The Economist has a recent piece that argues Israel is not in control of its own destiny, because it won’t dismantle settlements and withdraw from the West Bank. I think the piece is full of flaws.
The logic is confusing. The argument is that Israel “refuses to give up its empire.” If Israel explicitly decides not to withdraw (a policy which the Economist attributes to the Benjamin Netanyahu government), though, then it is in control of its actions.
As part of this claim, the article asserts that at the same time Israel is “unable to sustain its imperial ambitions in the West Bank.” I think this is simply untrue. The primary concern for two-staters like myself is that Israel is, in fact, exerting a creeping sovereignty over the West Bank that is making the two state solution that much more difficult to achieve.
It is doing so by expanding Israeli infrastructure into the West Bank (roads, electrical grids, plumbing). Settlers (whether ideological or quality-of-life) are well integrated into all of the institutions responsible for policy toward the West Bank, including the Civil Administration (in charge of governance there), the military, the state bureaucracy, the Knesset, the judiciary, and the government. Israeli law is increasingly applied to the region.
Israel has also taken control of the timing and parameters of peace talks with the Palestinians. It has successfully fended off the Obama Administration’s focus on settlements, and ensured a US veto at the United Nations where the Palestinians looked for international recognition for their own independent state. At the same time Israel has simply had to sit back and let the Palestinians undermine their own cause by President Mahmoud Abbas’s own plodding indecision and the failure of the two main factions (Fatah and Hamas) to enact a unified front. The rocket attacks continuing to come out of Gaza only underline its ability to point to a lack of partners on the Palestinian side.
The Economist article assumes the logical confusion is cleared up in the explanation: which is that Israel didn’t really mean to become an empire by incorporating the West Bank into its legal and material sovereignty.
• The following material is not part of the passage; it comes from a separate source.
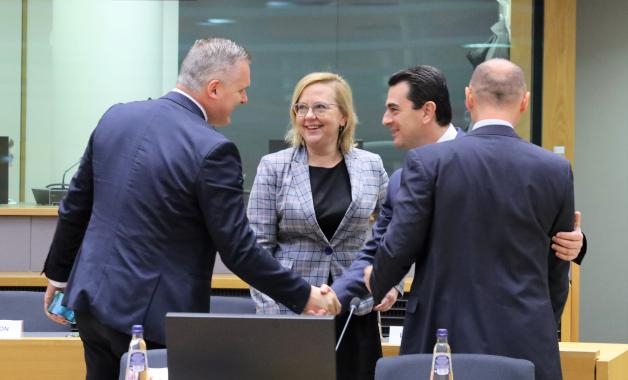 Przyjęto mechanizm obniżenia cen gazu na rynku europejskim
It claims that “[f]or over a decade, the tone of Israeli politics has been a mix of panic, despair, hysteria and resignation.” Perhaps at some moments. But at a minimum, these tones have been supplemented—if not totally displaced—by an assertive, aggressive campaign tone by the right and by Likud especially that, in the wake of the Second Intifada, the Palestinians can’t be trusted and so there’s no point to any further concessions. The experiences of Lebanon after 2000 and Gaza after 2005 are easy indicators for such arguments. This is not panic or resignation, but confidence and determination.
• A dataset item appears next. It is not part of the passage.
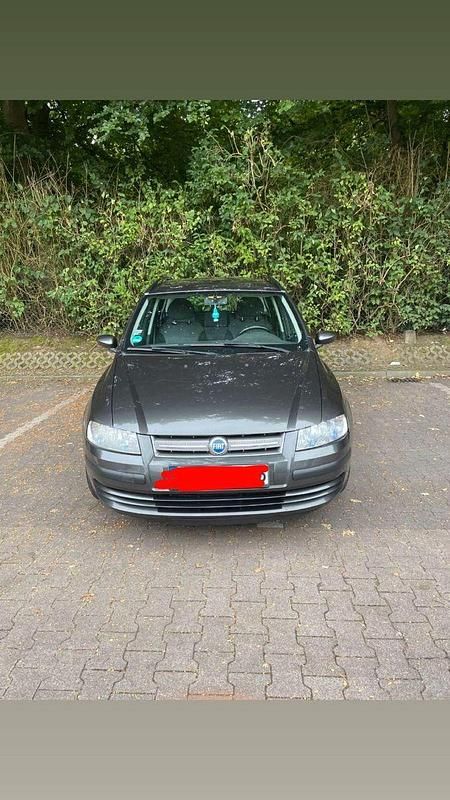 Grau Gebraucht 2006 Fiat Stilo Active Kombi | 1.700 € (Etwas zu teuer) - Bild 1/4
The piece asserts that Benjamin Netanyahu bears the greatest responsibility for the current situation. There is no doubt that Bibi has done little to advance the peace process, and he doesn’t seem to be genuinely interested in one. But the evidence put forward is that Bibi tolerated or pushed settlement activity and the implication that he turned to violence and force whenever progress seemed likely.
But taking a single snapshot of the scene (Bibi’s tenures as prime minister) is misleading. It ignores the fact that settlement activity has a very long history, and considerable support even among those in the center and left of Israeli politics.
The Labor Party, for example, as an amalgamation of parties on the left has always had factions within it dedicated to territorial maximalization. And the expansion of settlements and the settler population has been a continuous process, cutting across both Labor and Likud governments.
According to data from the Foundation for Middle East Peace, the settler population in the West Bank and East Jerusalem was 227,600 in 1991, the last year of the Shamir government. By 1996, when Bibi first came to power (with Israel governed by Labor in the meantime), the population had leaped to 303,100. By the time Ehud Barak of Labor came to power in 1999, the number was 347,223. When Bibi came back to office in 2009, settlers in the West Bank and East Jerusalem numbered about 479,600. It’s harder to get more recent data, but current estimates are around 500,000 or so. In other words, the largest increases in settler population occurred on non-Bibi watches.
Of course, settler population isn’t the same as expansion of settlement buildings and land (which the Netanyahu government has most certainly continued and expanded on); but it is one indicator. According to Peace Now, the settler population has been on a continuous upward trajectory since the 1970s, with a steep incline throughout the entire 1990s and 2000s.
The article then goes on to note that “Israelis have psychologically displaced the source of their anxiety onto … Iran.” Putting aside the difficulty of applying psychoanalytical constructs to entire societies, such an argument removes all moral agency and responsibility from Israel, displacing its purposeful actions onto vague yet uncontrollable mental and emotional processes. It also ignores the fact that the hard evidence points out that (Jewish) Israelis simply don’t care enough about the West Bank, or the settlements, or the suffering of Palestinians there, to think about it. Israelis don’t even seem to know where the Green Line actually is.
There’s no need to make elaborate arguments about why Israel hasn’t ended its occupation of the West Bank. Even putting aside the issue of Palestinian actions, responsibilities, and lack of effort, the explanation is simple: Israel is just not interested in doing so.